Birtley-based Northern Hope Gymnastics Centre is fundraising to replace damaged equipment after flooding, and to install a new competition-standard sprung floor to help its gymnasts to reach their full potential

We caught up with Lynn Hope, director and head coach at the centre, to find out more.

Northern Hope Gymnastics began as an after-school gym club at Fatfield Primary School in Washington in 1986 and from there it grew into a community club running on evenings and weekends from the school hall. However, director of the club Lynn Hope always wanted her own premises as the constant setting up and putting away of equipment within a school hall was tiring and time-consuming. When she came across a possible premises on her way to a class, she contacted the owners and arranged a visit.

‘With the help of Gateshead Council, we were lucky enough to get “change of use” permission, as well as a £25,000 grant from Sport England to upgrade the building to the standard we required,’ explains Lynn. ‘We moved into the premises in 2012, after “Thunder Thursday” forced us out of the school hall, and a handful of loyal parents helped us clean, paint and prepare the building while the children trained! Our official opening display was in July 2013, when we revealed our change of name to Northern Hope Gymnastics. We felt that the change of facility required a new start with a brand-new name!’

Since then Northern Hope has become a popular community hub offering a range of classes for all ages and abilities. ‘Our classes start with pre-school (walking to reception age) where the children learn grass root skills alongside a fabulous British Gymnastics Awards Scheme,’ Lynn tells us. ‘Our “heroes” are our general classes and the next step up from pre-school. Gymnasts in these classes learn skills on all the regular gymnastics equipment whilst having lots of fun and working through the BG Rise award scheme. They also have the opportunity to compete in in-house competitions and displays which gives them a taste of competitive gymnastics.

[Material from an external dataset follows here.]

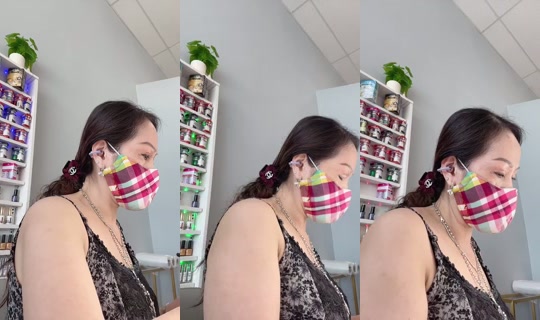 hana55555's Live Session — Jul 6, 2026, 8:56 PM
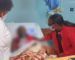 Ministra da Cultura e Turismo visita Dilon Djindji no Hospital Central de Maputo Ministra da Cultura e Turismo visita Dilon Djindji no Hospital Central de Maputo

‘As well as these classes we have a drop in My Club session and Stay and Play sessions for those not wishing to commit to a weekly class. These are more flexible and less structured where the gymnasts can learn at their own pace or just have a little fun with their friends. We have also recently re-started our Adult Gymnastics classes, which is a great way to keep fit and have lots of fun!’

Rising costs and ongoing issues with flooding in the gym mean that they are now trying to raise money to replace essential equipment which was damaged in the last bout of floods. Altogether, Northern Hope need to raise a grand total of £30,000 to upgrade their facilities and continue supporting young people living in and around Washington. The addition of a raised competition-standard sprung floor would allow the gym to continue training all of its gymnasts even when flooding takes place.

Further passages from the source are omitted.